Les directives anticipées contraignantes
C'est trop. Le mouvement "Soulager mais pas tuer" s'élève aussi contre le caractère "contraignant" pour les personnels soignants de ces directives. "Les rendre 'contraignantes' n’est acceptable que si l’on privilégie toujours le dialogue entre soignants et soignés", juge le collectif anti-euthanasie.
Ce n'est pas assez. Les partisans du suicide assisté et de l'euthanasie déplorent, eux, une annonce incomplète. C'est le cas notamment de la vice-présidente du conseil régional du Nord Pas-de-Calais EELV, Sandrine Rousseau, qui avait raconté, en décembre 2013, comment elle avait assisté le suicide de sa mère. Interrogée par La Voix du Nord, elle regrette le flou qui règne autour des directives contraignantes. "On ne sait pas si ces directives seront opposables, regrette-t-elle. Et puis, le patient écrira par exemple : 'Je ne souhaite pas un acharnement thérapeutique'. Mais ce sera le médecin, et pas le patient, qui décidera quand cette directive sera appliquée." L'élue défend "le droit inaliénable des personnes à choisir quand et comment elles peuvent partir", estimant "infantilisant de ne pas leur laisser le choix".
C'est satisfaisant.
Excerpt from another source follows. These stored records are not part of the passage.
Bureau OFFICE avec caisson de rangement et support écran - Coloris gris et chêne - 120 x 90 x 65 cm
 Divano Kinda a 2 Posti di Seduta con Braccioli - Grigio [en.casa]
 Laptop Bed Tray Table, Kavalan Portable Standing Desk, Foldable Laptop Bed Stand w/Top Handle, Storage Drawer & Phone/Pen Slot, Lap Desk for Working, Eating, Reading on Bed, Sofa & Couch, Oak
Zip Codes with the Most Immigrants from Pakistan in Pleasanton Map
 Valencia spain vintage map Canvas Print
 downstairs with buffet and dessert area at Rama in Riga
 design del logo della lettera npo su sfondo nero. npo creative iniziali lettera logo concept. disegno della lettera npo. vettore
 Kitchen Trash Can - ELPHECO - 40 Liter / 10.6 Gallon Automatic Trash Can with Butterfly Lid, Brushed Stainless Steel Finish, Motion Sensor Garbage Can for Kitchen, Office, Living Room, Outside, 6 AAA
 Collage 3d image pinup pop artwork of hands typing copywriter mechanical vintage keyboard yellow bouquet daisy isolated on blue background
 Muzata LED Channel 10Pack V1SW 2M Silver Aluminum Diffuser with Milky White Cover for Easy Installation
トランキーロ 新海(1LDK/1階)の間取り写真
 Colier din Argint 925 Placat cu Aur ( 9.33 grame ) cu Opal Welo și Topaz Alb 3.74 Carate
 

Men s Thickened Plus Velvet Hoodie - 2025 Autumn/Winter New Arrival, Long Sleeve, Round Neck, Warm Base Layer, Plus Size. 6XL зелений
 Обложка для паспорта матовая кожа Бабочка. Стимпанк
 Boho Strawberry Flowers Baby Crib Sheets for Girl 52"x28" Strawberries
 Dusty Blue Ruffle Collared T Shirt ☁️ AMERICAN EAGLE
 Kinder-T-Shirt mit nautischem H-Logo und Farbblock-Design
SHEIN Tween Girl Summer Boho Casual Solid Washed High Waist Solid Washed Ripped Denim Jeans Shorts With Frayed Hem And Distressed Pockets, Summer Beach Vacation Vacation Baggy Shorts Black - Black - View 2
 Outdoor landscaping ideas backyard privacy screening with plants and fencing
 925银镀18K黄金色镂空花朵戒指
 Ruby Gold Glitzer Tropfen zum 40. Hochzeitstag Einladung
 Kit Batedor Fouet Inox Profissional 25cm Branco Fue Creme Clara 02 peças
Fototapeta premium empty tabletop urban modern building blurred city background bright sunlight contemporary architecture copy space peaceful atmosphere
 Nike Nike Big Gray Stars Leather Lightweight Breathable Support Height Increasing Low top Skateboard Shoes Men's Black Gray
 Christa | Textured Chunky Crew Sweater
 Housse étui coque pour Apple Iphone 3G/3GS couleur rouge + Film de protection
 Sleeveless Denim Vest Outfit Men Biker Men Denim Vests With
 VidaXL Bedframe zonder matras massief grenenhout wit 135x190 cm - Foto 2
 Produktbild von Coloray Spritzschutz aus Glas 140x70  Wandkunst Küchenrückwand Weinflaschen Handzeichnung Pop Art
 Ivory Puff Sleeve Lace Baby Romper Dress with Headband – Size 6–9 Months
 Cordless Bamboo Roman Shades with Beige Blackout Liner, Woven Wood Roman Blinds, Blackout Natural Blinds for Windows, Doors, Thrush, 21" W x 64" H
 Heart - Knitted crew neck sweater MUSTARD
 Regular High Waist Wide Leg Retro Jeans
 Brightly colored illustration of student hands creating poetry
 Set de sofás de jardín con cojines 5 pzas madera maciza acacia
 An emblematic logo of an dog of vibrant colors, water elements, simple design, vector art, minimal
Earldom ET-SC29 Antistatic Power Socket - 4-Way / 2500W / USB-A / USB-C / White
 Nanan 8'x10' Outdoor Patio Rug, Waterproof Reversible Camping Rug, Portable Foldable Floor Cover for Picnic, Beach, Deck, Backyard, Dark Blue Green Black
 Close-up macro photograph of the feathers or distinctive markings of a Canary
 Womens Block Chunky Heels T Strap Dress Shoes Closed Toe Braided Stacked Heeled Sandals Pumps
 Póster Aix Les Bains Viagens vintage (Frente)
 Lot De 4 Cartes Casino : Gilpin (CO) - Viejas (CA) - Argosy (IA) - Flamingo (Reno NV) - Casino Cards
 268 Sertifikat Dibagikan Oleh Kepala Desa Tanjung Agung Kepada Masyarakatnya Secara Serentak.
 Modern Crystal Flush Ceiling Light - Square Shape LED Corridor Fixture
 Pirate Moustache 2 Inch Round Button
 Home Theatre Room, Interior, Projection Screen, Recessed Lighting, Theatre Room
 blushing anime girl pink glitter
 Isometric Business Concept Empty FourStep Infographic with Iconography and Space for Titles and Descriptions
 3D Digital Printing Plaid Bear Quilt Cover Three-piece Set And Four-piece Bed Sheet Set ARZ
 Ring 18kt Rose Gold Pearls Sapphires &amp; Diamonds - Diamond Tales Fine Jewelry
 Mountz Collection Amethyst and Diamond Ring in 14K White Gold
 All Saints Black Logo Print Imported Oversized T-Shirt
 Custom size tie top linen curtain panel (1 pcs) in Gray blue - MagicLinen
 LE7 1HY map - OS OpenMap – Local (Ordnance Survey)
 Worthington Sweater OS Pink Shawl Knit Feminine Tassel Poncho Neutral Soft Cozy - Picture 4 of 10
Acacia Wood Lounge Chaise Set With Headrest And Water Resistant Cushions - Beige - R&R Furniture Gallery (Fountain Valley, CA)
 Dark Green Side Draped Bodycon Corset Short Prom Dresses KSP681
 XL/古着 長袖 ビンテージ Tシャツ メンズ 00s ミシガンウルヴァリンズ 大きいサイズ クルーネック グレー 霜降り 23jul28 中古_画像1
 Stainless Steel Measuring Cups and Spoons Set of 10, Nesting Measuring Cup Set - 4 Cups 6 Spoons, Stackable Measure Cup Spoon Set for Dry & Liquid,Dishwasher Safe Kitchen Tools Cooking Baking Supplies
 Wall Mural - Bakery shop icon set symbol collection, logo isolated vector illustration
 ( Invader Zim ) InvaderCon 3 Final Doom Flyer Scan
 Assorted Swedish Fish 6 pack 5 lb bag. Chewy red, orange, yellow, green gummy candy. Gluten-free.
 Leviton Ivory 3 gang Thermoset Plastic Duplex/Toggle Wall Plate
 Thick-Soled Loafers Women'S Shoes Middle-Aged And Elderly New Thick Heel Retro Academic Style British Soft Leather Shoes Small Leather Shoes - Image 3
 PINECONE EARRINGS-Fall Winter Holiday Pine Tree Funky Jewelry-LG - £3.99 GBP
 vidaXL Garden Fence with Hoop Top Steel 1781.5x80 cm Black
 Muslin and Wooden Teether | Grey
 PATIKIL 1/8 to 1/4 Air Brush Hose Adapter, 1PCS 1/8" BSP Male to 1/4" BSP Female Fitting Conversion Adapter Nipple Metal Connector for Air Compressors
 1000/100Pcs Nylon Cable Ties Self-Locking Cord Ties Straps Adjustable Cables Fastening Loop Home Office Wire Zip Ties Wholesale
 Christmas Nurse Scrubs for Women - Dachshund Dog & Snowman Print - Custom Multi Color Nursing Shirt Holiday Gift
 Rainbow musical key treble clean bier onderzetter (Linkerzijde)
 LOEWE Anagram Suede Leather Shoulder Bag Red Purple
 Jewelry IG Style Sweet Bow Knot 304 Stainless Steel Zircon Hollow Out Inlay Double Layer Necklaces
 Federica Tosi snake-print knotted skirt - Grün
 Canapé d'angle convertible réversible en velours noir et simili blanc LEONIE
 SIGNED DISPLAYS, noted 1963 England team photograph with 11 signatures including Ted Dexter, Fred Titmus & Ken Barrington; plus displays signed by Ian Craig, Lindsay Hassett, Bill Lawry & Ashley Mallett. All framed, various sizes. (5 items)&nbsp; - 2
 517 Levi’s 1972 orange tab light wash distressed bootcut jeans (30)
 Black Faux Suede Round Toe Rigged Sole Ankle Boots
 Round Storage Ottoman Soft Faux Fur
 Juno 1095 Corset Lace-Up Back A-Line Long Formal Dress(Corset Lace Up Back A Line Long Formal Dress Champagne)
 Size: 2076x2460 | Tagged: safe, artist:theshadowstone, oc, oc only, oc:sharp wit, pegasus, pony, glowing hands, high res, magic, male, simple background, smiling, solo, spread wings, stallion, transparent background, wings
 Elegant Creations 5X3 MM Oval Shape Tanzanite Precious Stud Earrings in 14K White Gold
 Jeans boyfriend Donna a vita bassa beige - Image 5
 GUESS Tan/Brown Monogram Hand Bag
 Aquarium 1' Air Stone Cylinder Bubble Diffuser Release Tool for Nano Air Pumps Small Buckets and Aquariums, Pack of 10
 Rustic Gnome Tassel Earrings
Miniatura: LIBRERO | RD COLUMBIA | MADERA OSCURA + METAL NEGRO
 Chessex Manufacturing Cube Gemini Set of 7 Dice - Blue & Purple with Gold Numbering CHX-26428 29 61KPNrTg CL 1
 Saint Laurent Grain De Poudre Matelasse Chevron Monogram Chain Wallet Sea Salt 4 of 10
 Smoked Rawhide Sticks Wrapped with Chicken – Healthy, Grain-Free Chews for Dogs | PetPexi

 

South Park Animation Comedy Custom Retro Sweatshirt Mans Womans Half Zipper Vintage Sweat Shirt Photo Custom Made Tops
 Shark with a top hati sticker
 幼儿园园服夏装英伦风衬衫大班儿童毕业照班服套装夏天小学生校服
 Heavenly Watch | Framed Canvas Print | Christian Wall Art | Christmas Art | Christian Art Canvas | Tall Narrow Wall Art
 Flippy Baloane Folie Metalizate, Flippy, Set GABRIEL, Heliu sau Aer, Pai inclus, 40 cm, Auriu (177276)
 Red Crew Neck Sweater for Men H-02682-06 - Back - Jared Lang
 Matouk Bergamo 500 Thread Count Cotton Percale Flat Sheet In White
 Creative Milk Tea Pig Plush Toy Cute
La SFAP apprécie le "renforcement" des directives anticipées, qui deviendraient obligatoires. "Le patient est totalement assuré que ses volontés seront respectées et en particulier son souhait de refuser l’acharnement thérapeutique et éviter ainsi de souffrir", explique l'association.
L'esprit du rapport
C'est trop. "Soulager mais pas tuer" regrette que le débat se "focalise" sur la sédation "profonde et continue" et les directives anticipées contraignantes. Le collectif pointe aussi un "risque majeur" : "Celui de favoriser de façon systématique et déshumanisée l’application de protocoles de fin de vie anesthésiques répondant à l’angoisse, non plus par une écoute et par un accompagnement, mais par un endormissement anticipé coupant toute conscience et toute relation." Seule la volonté affichée du rapport de renforcer les soins palliatifs dans le cadre d'un plan triennal annoncé par François Hollande trouve grâce aux yeux du collectif.
Ce n'est pas assez. Sans surprise, l'ADMD s'oppose à ce texte qui "ne donne pas le pouvoir de décider au patient, ce sont les médecins qui l'auront". "On n'attendait pas grand chose de Jean Leonetti, et on n'a pas été déçus... Sa loi a échoué, car les soins palliatifs ne concernent que 20% des patients qui en auraient besoin, et elle n'a pas empêché l'acharnement thérapeutique, comme le montre l'exemple de Vincent Lambert", grince Jean-Luc Roméro, qui demande aux parlementaires de s'opposer à la future proposition de loi.
C'est satisfaisant. Contrairement aux pro et anti-euthanasie, la SFAP "se félicite des propositions" des parlementaires qui "répondent directement aux inquiétudes en sécurisant et améliorant concrètement la prise en charge des personnes en fin de vie".